Each archiver package has its own strengths and weaknesses (some more
than others) making it inconvenient for certain kinds of archival
searching or browsing. And getting them installed, keeping them current,
and making room for all the archival data (if you have a large server)
gets to be a bother for something that doesn't even really render mail
the way I want to read it.
Part of the problem, to me, is that I don't like to read archive mail on the web. I don't use a web browser to read my personal mail, and I can't stand any webmail application I've ever used. I *like* my mail reader. It knows mail, it presents mail in a way that I'm comfortable with, and it doesn't change for every server I interact with. For client/server access to personal mail, we use application-focused protocols to intelligently provide data to user tools that already know how to use that data. We don't try to wrench that information into an environment that doesn't already know the application or have much sense of how to deal with it.

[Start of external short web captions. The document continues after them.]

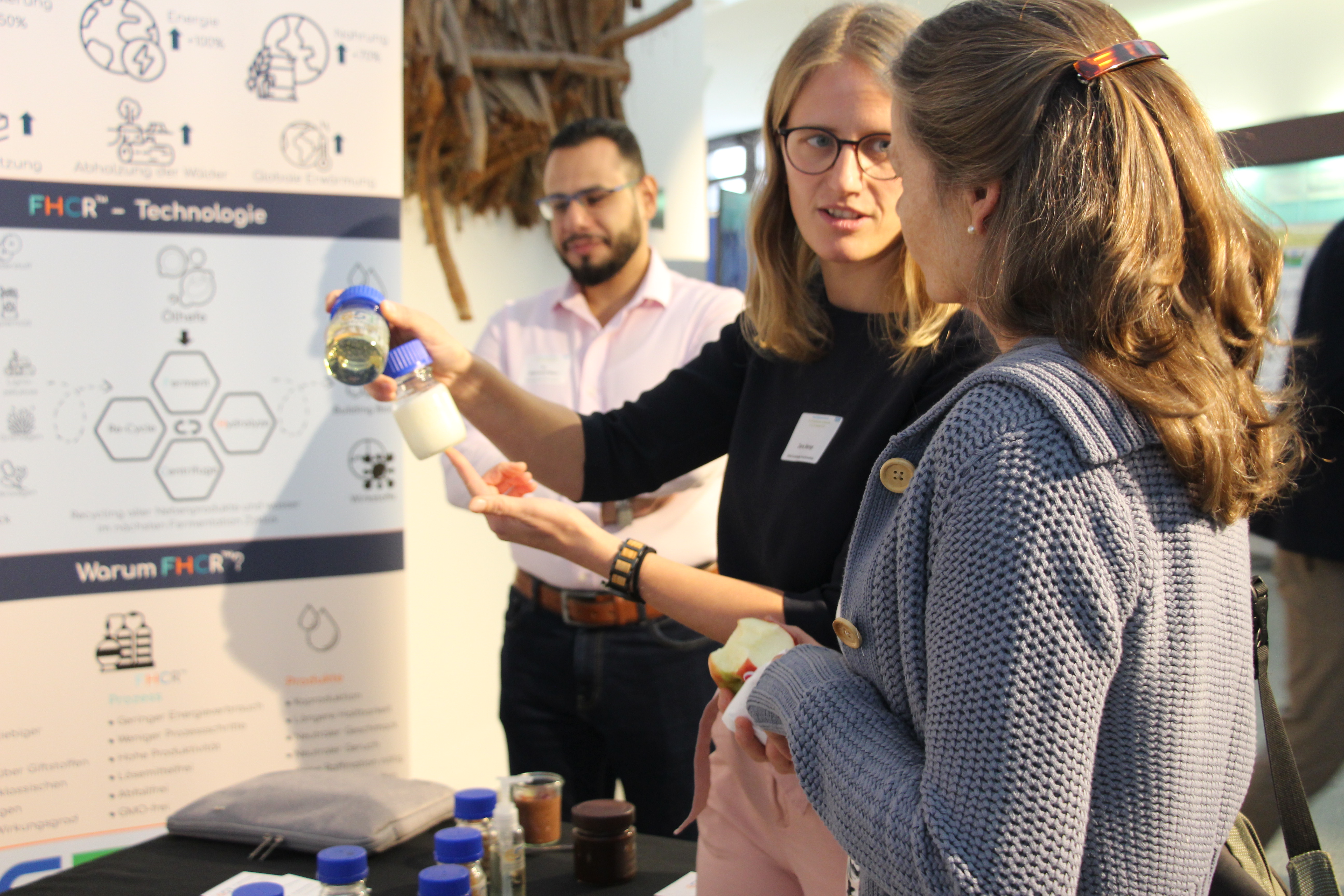 Die begleitende Ausstellung zum HEF-Symposium gab Start-ups, Firmen, Partnerinstitutionen sowie Projekten aus Proteins4Singapore und TUMCREATE eine weitere Plattform.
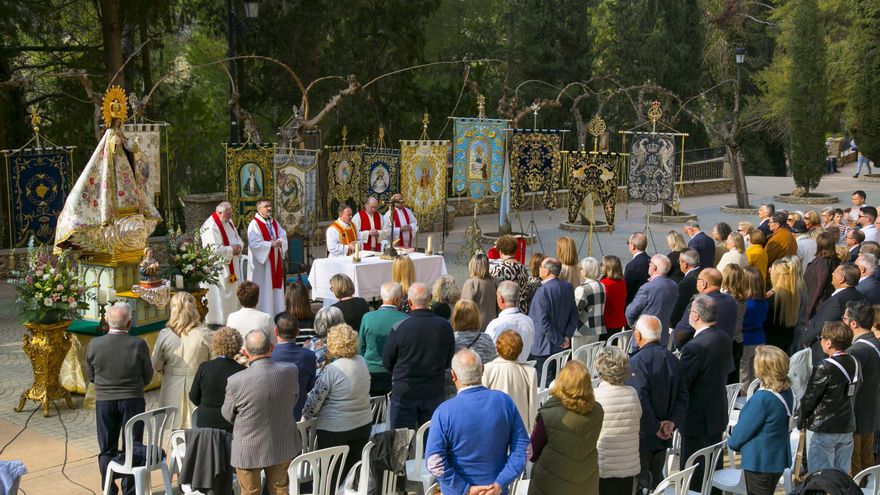 El Santuario de la Esperanza de Calasparra acoge con éxito el Primer Encuentro de Vírgenes Coronadas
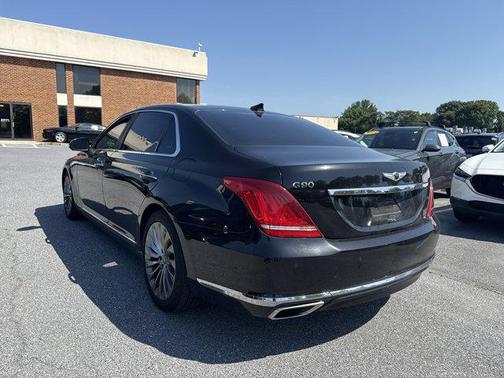 2019 Genesis G90 Premium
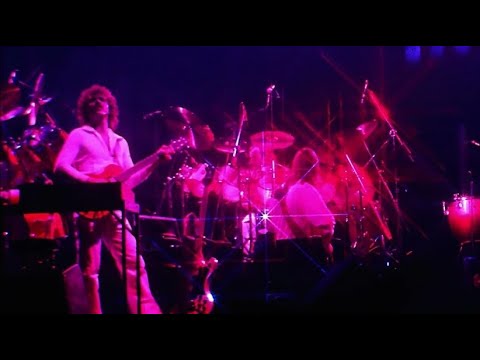 GENESIS - I know what I like (in your wardrobe) (live in Houston 1978)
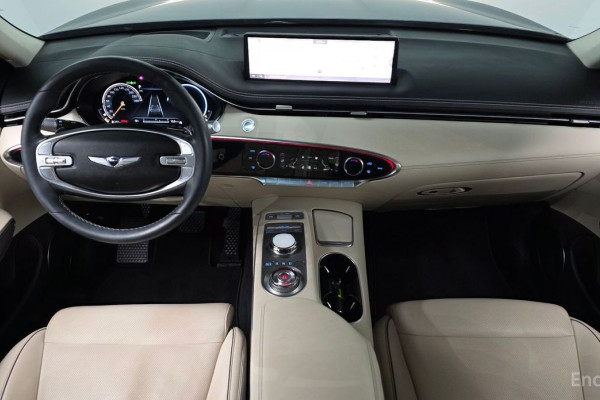 2021 Genesis GV70 с пробегом 65 123 км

The web is not really an e-mail application. Even if it dresses up as one from time to time, and although it works fine for some people, the web will never be a good e-mail application for everyone. People have different needs. People have their own preferred e-mail applications.
To make an HTML archiver faithfully represent an e-mail message, it needs not only to fully understand the mail itself, but it needs to know something reasonable to do with content of varying types — it needs to file messages and attachments smartly, make them downloadable, etc. If messages are PGP- or S/MIME- signed, the archiver should be able to validate the signature. And then you have user preferences: how does the individual browser want to see things displayed? Threads? By date or by topic? Focus on particular topics or posters? Everyone has preferences, and I haven't seen an HTML archiver yet that utterly fails to be usable for more than the most generic overviews and glances. On multiple occasions I've started writing my own out of frustration, but I always wind up facing the other side of that frustration: it's a lot of work to write a mail search and presentation program that respects its users individually.
Then there's the difficulty of pairing together list servers and HTML archivers. How hard should it be to hook together application X with application Y, cross-platform, without dozens of external dependencies, when there's no protocol specifying the linkage?
One approach to this problem would be a CGI that parses an rfc822 message and displays it to a web user, on the fly. No static storage. User account, preferences, the whole caboodle. That seems reasonable at first. It might even work for multiple mailing list applications. But then you'd be implementing most of the functionality of a local mail reader in CGI, and suddenly this seems strikingly redundant. How many times have people tried to do that? How many times have they done well?
People already meet these needs in e-mail applications, using protocols that work very well for e-mail. Why reduplicate that effort to provide mail over HTTP?
The best approach to archives is to treat the canonical source of the archival data — i.e., in our case, the mbox files EMDASH as source data to something that actually knows diddly about mail: IMAP. All the things that HTML archivers lack has already been done a thousand times for mail clients, and users have a variety to choose from. All you need is to connect the archive to the user via IMAP instead of the web.